For the past two months my three year old has become quite clingy and very upset at Nursery drop off time. It would start when he woke up and claimed that he didn’t like it and didn’t want to go. This continued on the car journey and ended with me in tears as he screamed and I walked away; the age old dilemna of the working parent, vowing not to turn around and catch your child’s eye as they sob and screamed your name in a way that made you feel as though you are offering them up to some wicked child eating God and would never see them again. Working mum’s guilt.
Each day it would take me roughly an hour after I’d dropped him off to calm down and feel less traumatized, and I’m sure you will not be surprised that it took him around 4 minutes to recover and become engrossed it playing with his little friends and forgetting all about his tearful mummy.
During this awful period which I’m sure almost every working parent goes through at some time, I tried every tactic I knew in the book; for crying out loud, he is child number three, surely by now I should be hardened to this and know it’s a phase?! Well no, it appears not, in actual fact the mothers guilt in my experience does not appear to ease with subsequent children and there were days I did question whether I should be working at all. Working mum’s guilt.
The light bulb moment for me came one day two weeks ago when my Mother in law took him. The next day I was reliably informed by her, Nursery and said three year old that not one tear was shed. The following day, my husband took him and again no tears.
For a further week we completely re jigged the morning routine so that my husband could take him and each day no tears.

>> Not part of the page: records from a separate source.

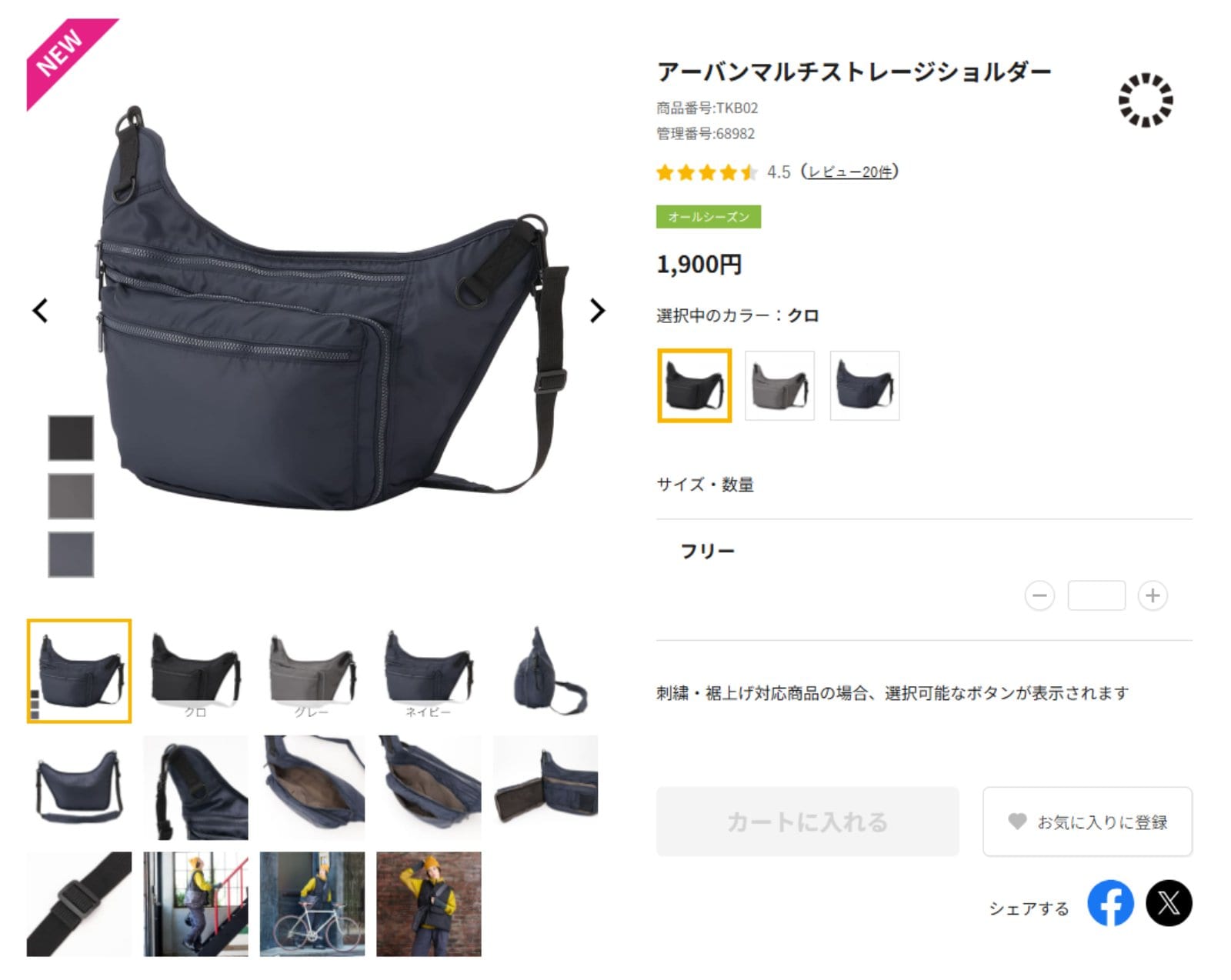 アーバンマルチストレージショルダー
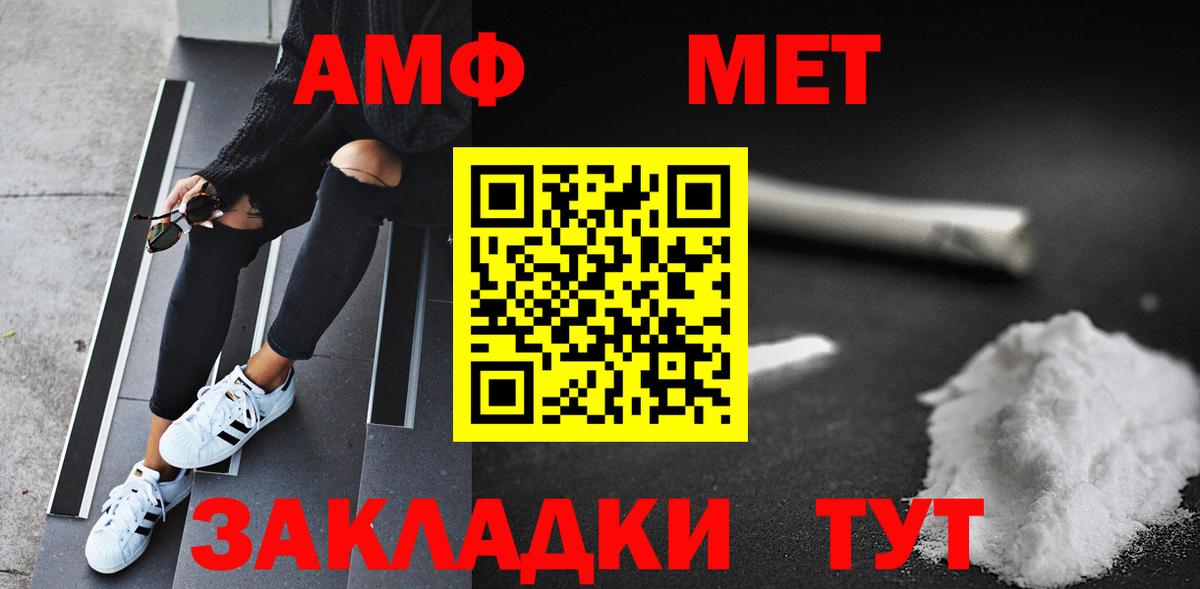 Первитин Декстрометамфетамин 99.9% Южноуральск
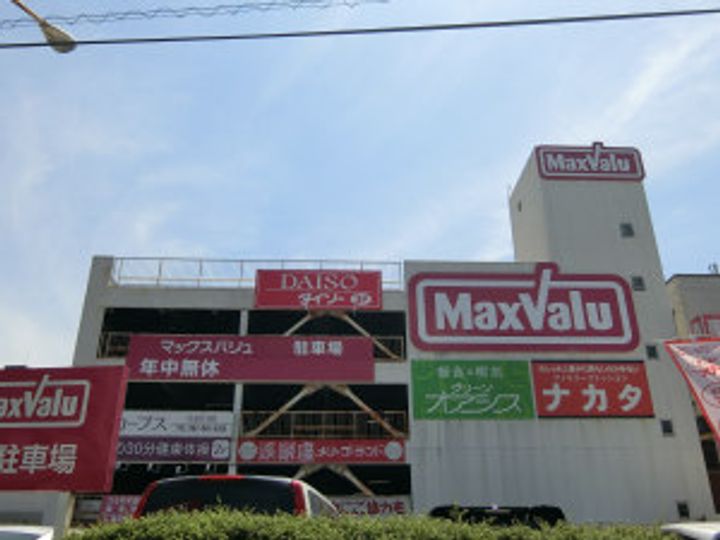 グランドール坪井の周辺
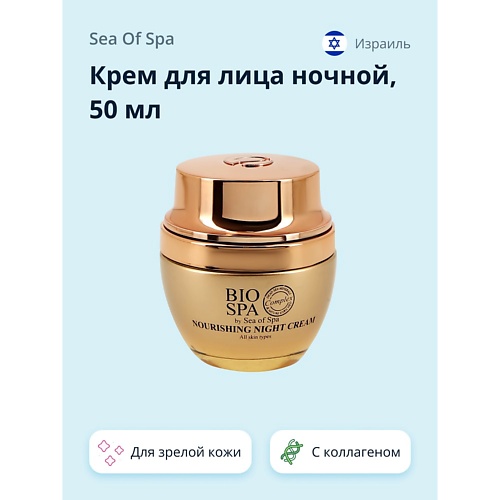 SEA OF SPA Крем для лица ночной BIOSPA питательный с экстрактом розы и коллагеном 500 1190₽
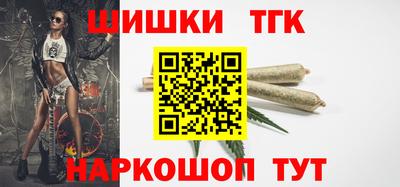 хмурый Конаково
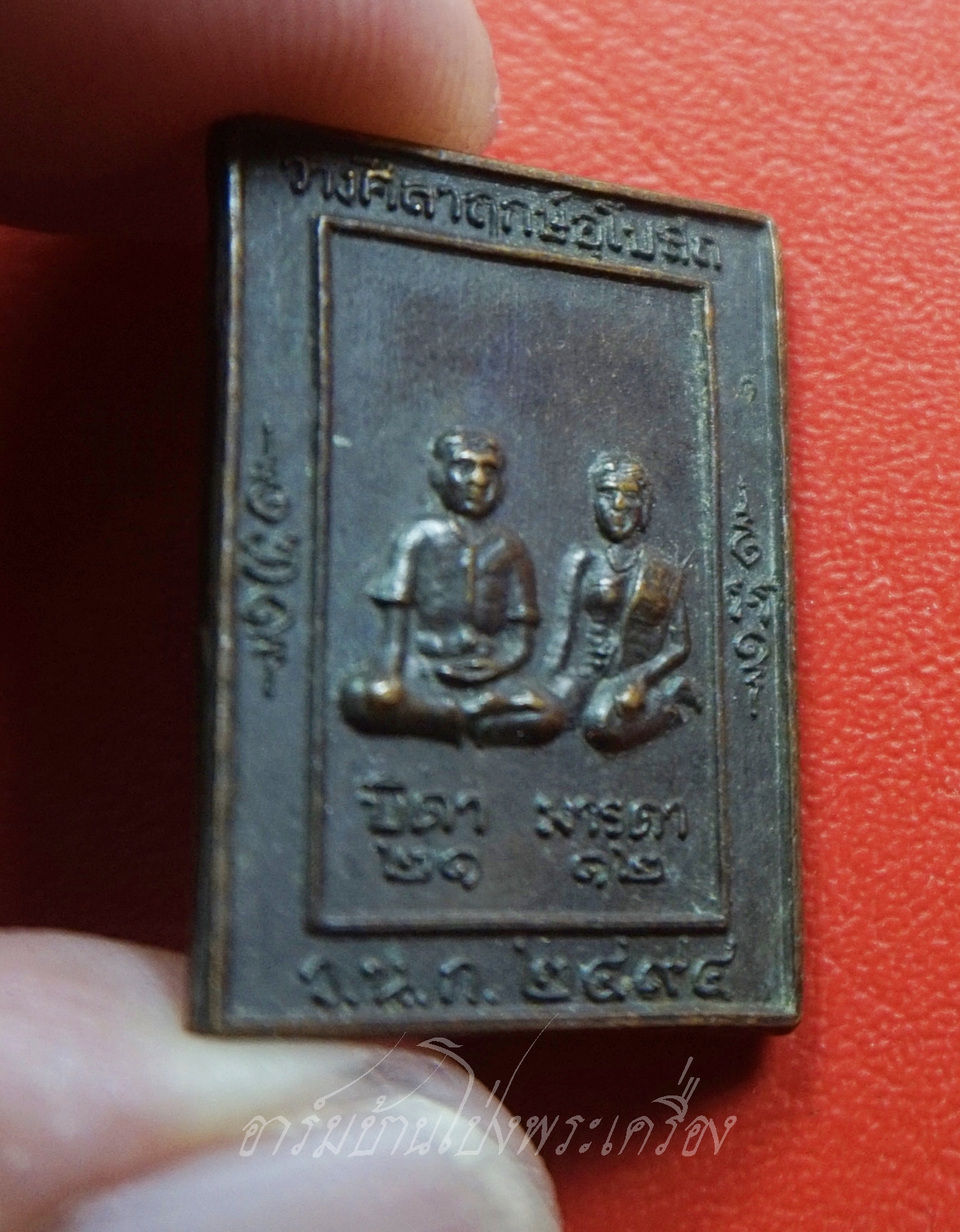 เหรียญบิดา-มารดา ที่ระลึกวางศิลาฤกษ์พระอุโบสถ วัดหนองกบ ปี๒๔๙๔ หลวงพ่อเงินวัดดอนยายหอมปลุกเสก มีพินทุ(องค์ที่1)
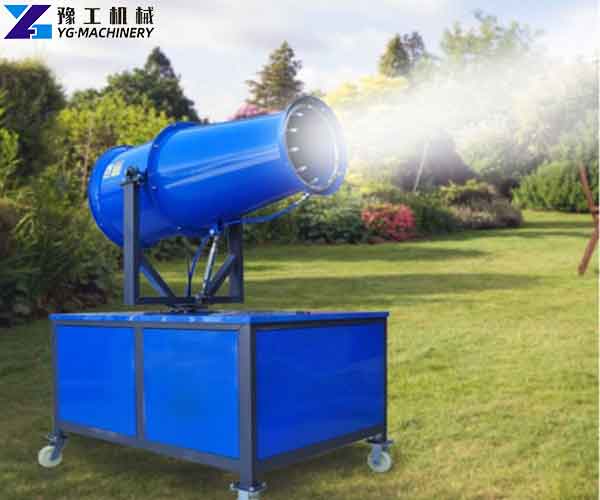 Dust Suppression Cannon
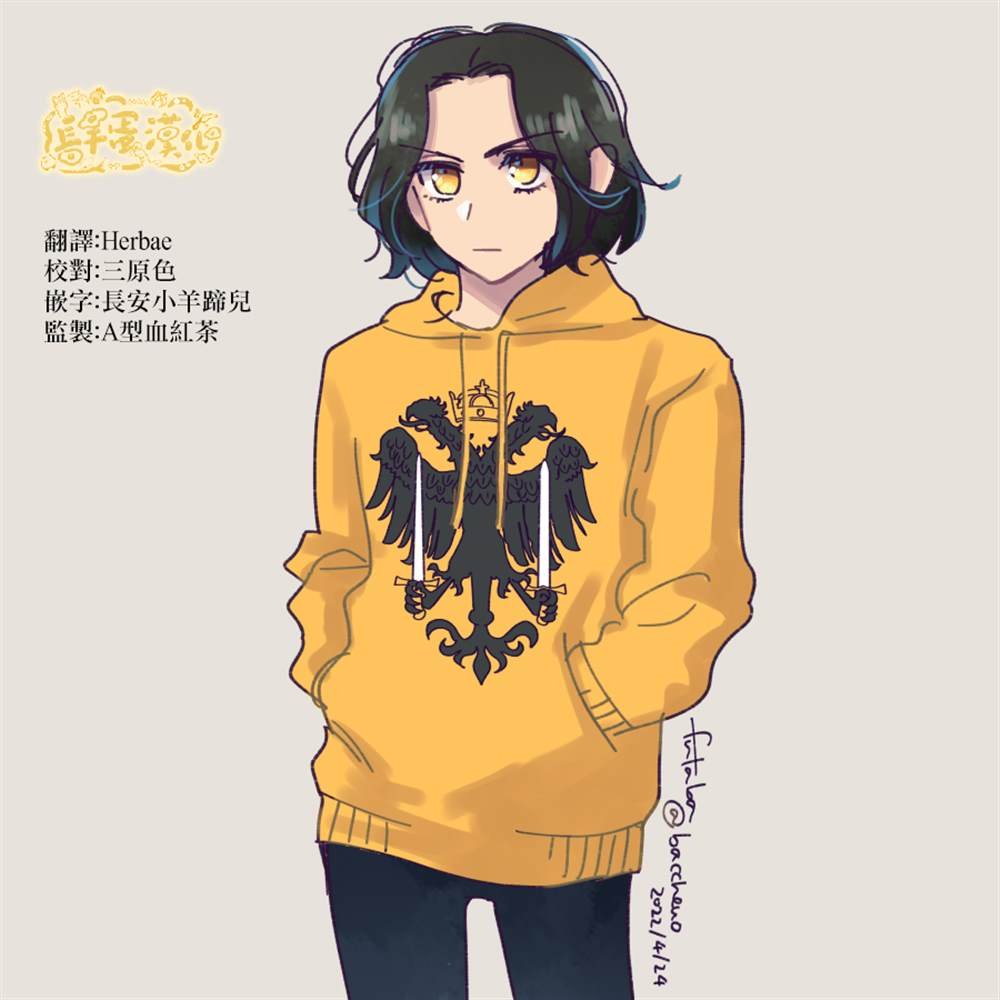 第9.1话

Then a pinch point; the day arrive when there was only ME left to do the dreaded nursery drop off and I soon realised he knew which buttons to press. As soon as he knew it was me taking him it began: ‘I don’t like nursery, I want to stay at home with you Mummy’ it continued in the car, but this time I was ready!
I pulled myself together and instead of negotiating with him when we arrived; trying to explain how Mummy has to go to work and I wouldn’t be long, my reply that day was ‘Henry, you DO like Nursery because yesterday when I collected you, you didn’t want to leave and you told me how much you love it’. All he said was ‘OH!’ and then he gave me a kiss and a cuddle and off he went to play with his little friends and didn’t even look back.
Thankfully like most things with children it was a phase, but that knowledge and my experience with my other children did not prevent me from doubting my ability as a mother and my choice to work and run my own business.
I wonder what the next guilt trip will be, I’ve only been at it 9 years, I dread to think what’s to come.